Scherzer Blog

Remedying Rule 506 “bad actor” disqualification through reasonable care

The SEC’s Rule 506 “bad actor” amendments went into effect September 23, 2013. As we reported previously, these amendments add Rule 506(d) to implement Regulation 926 of the Dodd-Frank Wall Street Reform and Consumer Protection Act. Under the rule, securities offerings involving certain “felons and other ‘bad actors'” are disqualified from the Rule 506 exemption unless the disqualification is waived or remedied through a “reasonable care” exception. (See Securities Act Release No. 9414, 78 Fed. Reg. 44,729; July 24, 2013).

The rule’s long list of disqualifying events – and an even longer list of covered persons – is raising consternation as issuers and practitioners come to grips with the challenges of compliance. A disqualification due to the presence of “bad actors” can be catastrophic, resulting in the loss of the exemption altogether, spilling into regulatory actions, litigation, and reputational issues.
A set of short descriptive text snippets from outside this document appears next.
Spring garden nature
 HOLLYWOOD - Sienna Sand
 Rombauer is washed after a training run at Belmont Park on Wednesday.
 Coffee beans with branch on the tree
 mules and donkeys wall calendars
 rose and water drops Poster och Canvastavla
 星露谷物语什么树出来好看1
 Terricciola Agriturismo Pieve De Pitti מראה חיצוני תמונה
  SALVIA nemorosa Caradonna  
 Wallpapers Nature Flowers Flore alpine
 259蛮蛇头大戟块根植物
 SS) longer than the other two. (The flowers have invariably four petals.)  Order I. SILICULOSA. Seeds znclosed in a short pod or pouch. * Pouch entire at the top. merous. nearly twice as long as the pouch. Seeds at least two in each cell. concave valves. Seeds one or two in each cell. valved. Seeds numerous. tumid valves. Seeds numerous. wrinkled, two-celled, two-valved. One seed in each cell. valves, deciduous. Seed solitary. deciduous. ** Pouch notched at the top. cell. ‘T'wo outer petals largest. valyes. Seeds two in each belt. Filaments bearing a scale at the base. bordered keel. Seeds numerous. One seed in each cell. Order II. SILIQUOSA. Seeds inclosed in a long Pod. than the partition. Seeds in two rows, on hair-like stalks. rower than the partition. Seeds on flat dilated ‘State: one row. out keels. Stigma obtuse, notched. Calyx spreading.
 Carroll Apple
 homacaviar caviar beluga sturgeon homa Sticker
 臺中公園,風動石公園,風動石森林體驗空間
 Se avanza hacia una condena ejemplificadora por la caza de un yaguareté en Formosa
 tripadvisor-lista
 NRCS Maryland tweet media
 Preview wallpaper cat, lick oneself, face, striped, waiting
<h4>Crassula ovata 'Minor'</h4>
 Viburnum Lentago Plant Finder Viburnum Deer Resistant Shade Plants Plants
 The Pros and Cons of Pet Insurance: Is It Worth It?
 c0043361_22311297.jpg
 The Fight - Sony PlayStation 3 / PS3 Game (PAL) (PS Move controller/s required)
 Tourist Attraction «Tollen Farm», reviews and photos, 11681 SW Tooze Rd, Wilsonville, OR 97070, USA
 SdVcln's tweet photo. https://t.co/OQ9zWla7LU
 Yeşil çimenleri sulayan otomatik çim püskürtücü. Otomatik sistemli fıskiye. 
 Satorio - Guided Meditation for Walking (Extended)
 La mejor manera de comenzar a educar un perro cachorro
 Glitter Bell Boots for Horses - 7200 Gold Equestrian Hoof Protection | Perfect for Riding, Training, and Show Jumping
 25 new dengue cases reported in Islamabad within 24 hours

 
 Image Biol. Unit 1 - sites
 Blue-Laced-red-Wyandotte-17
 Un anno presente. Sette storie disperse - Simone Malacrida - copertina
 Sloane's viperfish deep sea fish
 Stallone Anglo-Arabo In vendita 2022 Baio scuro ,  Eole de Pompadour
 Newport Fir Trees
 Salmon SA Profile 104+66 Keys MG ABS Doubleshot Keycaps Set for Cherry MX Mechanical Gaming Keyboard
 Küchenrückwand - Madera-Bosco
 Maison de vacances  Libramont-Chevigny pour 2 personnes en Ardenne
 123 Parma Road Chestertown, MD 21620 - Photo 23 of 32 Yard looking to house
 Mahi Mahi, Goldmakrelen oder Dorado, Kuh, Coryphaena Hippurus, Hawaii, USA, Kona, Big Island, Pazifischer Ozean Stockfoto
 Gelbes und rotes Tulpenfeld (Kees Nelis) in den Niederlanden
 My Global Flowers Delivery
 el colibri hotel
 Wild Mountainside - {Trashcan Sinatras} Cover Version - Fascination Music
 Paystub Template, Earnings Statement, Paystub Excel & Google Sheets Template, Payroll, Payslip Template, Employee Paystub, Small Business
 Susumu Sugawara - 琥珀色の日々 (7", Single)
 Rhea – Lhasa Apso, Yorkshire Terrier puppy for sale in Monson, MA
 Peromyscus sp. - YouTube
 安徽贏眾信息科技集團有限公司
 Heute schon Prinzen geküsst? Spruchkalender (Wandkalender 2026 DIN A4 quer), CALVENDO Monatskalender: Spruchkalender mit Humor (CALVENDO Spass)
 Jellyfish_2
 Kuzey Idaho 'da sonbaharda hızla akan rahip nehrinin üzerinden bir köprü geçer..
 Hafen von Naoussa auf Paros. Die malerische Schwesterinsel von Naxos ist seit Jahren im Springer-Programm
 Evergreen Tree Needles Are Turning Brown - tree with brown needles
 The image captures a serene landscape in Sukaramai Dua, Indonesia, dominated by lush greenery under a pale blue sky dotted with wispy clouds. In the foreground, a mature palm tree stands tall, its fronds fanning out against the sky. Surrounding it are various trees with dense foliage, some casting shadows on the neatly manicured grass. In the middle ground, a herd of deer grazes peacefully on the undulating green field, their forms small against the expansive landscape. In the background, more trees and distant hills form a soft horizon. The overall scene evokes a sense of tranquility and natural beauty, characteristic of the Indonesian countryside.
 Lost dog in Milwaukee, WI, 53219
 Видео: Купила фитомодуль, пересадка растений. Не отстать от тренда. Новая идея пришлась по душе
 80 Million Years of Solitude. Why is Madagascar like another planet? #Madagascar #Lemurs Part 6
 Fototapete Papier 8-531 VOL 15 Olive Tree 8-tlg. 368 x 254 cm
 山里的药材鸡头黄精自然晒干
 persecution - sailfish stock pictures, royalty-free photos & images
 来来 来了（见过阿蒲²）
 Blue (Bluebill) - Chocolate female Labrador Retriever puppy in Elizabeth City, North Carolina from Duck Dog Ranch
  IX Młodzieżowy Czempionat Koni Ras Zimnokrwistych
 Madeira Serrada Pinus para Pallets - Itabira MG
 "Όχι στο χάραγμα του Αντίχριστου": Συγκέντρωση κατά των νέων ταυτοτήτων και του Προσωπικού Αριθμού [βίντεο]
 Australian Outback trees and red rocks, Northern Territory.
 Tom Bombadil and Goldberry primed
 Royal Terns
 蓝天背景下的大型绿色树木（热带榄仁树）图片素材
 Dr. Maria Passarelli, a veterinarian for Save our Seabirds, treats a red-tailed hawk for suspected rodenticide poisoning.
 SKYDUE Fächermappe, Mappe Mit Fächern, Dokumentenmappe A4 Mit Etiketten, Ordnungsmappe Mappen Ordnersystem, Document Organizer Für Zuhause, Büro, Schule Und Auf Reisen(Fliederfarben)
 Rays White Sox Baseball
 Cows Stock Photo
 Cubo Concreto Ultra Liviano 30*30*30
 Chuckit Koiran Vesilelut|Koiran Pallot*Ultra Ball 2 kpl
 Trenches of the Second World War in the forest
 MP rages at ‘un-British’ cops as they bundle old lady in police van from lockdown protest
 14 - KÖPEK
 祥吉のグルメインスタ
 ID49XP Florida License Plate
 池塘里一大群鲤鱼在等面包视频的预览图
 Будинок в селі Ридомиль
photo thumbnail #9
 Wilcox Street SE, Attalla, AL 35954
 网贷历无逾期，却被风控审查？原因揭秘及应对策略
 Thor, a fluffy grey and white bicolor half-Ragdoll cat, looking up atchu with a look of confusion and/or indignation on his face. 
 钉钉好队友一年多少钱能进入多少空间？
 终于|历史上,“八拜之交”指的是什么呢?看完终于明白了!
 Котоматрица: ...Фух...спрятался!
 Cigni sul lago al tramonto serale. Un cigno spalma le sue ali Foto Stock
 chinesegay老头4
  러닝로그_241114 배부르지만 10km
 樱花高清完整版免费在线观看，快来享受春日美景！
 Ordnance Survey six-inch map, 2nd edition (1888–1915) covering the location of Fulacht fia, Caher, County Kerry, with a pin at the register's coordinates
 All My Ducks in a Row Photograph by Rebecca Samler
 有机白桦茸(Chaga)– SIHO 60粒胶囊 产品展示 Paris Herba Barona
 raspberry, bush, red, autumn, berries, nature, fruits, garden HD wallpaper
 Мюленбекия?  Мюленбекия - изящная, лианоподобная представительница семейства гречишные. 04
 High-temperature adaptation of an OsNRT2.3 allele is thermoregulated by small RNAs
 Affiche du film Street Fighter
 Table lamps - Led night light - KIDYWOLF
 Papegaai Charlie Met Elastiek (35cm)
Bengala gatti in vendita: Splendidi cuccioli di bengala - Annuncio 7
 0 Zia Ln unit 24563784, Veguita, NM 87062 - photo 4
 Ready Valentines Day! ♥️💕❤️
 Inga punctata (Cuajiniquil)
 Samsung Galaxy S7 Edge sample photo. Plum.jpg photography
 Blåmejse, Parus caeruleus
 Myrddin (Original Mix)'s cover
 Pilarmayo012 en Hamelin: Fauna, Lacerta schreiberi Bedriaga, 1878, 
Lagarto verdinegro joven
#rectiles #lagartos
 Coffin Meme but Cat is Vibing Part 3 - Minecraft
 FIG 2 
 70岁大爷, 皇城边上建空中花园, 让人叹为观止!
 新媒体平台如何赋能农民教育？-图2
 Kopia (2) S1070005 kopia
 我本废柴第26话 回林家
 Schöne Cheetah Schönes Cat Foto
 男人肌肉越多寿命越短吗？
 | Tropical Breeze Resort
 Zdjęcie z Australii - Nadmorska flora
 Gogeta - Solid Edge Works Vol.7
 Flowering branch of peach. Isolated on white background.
And any impediment to raising capital is likely to scare away investors.

The rule provides an exception from disqualification if the issuer is able to demonstrate that it did not know and, in the exercise of reasonable care, could not have known that a covered person with a disqualifying event participated in the offering. The SEC has not prescribed specific steps to establish reasonable care; however, it has indicated that the concept includes a factual inquiry in view of the particular facts and circumstances and other offering participants. Despite the procedural ambiguity, the message is clear that is not enough to show that the issuer was unaware of the disqualifying event – the issuer must establish that in exercising “reasonable care,” could not have known that a disqualification existed.

In anticipation of this ruling, SI has been including “disqualifying event” searches in many of its reports for over two years. Now that the ruling has gone into effect, SI also offers a specialized factual inquiry service to help our clients evidence “reasonable care” under the highest standards. For information, please contact Dave Lazar at 440-423-1157 or e-mail dlazar@scherzer.co or Jessica Staheli at 818-227-2598 or e-mail jstaheli@scherzer.co.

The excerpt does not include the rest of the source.